Immediately, I can think of two petty instances from my childhood… a “friend” who stole one of my dolls and a classmate in kindergarten who always tried to peek at my answers. (It’s pretty sad when you have to cheat in kindergarten.)
It’s an unfortunate but true reality that we remember the hurt or the unfairness others have done to us more than the blessings the people in our lives often bring.
How can we learn to re-train our thoughts to think the best – not the worst – of others?
Zacchaeus was not a popular guy, and he wasn’t the kind of guy who cared about being popular. His one ambition in life was money, and he was good at getting it – even if it meant taking advantage of others.
Luke 19:2 tell us, “He was a chief tax collector and was rich.” Yet deep down, he was not content. He was craving something, something this world couldn’t offer, that would completely satisfy him.
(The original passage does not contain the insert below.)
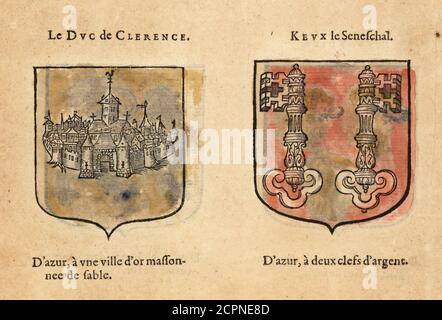 Stemmi immaginari dei Cavalieri della Tavola rotonda di Re Artù: Galeschin, Duca di Clarence, con la città d'oro, e Sir Kay con le chiavi d'argento. Chevaliers de la table ronde: Le DUC de CLERENCE, KEUX le Seneschal. Incisione a blocchi di legno colorato a mano da le Blason des Armoiries di Hierosme de Bara, Chez Rolet Bouton, Parigi, 1628 Foto Stock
Jesus was in Jericho, his hometown. Maybe that strange, miracle-working man who had his entire city talking could tell him what he was missing.
Trouble was, no one would let him through to reach Him – and he was too short to see over the crowd. The fellow in front of him stood like a stone statue. Right, he had cheated him on last year’s taxes. The woman next to him pretended he didn’t exist as she listened to Jesus’ words.
The Man’s voice seemed to burn away the emptiness in his soul. Desperate to see Him, Zacchaeus forgot his pride and climbed a sycamore tree.
Jesus was coming his way. His hands grew sweaty, and his heart pounded in his ears. Would Jesus just look past him like everyone else did?
No, Jesus noticed. Not just noticed, but spoke right to him. “Zacchaeus, hurry and come down, for I must stay at your house today” (Luke 19:5b, ESV).
Jesus looked beyond Zacchaeus’ fault and saw his need; as a result, that miserable tax collector made a joyful conversion. Salvation came to his house, because Someone gave him a second chance.
We’re quick to judge and hold grudges – but slow to realize that people can change. We’re quick to think the worst of others before they even open their mouths – but slow to listen to what they have to say.
A song by Steve Green says, “Every day, we pass them by. I can see it in their eyes. Empty people filled with care, headed who knows where… People need the Lord.”
Be a person who listens before forming a response. Be a person who gives second chances even to those who may not deserve it.
In doing so, you will point people to the Lord.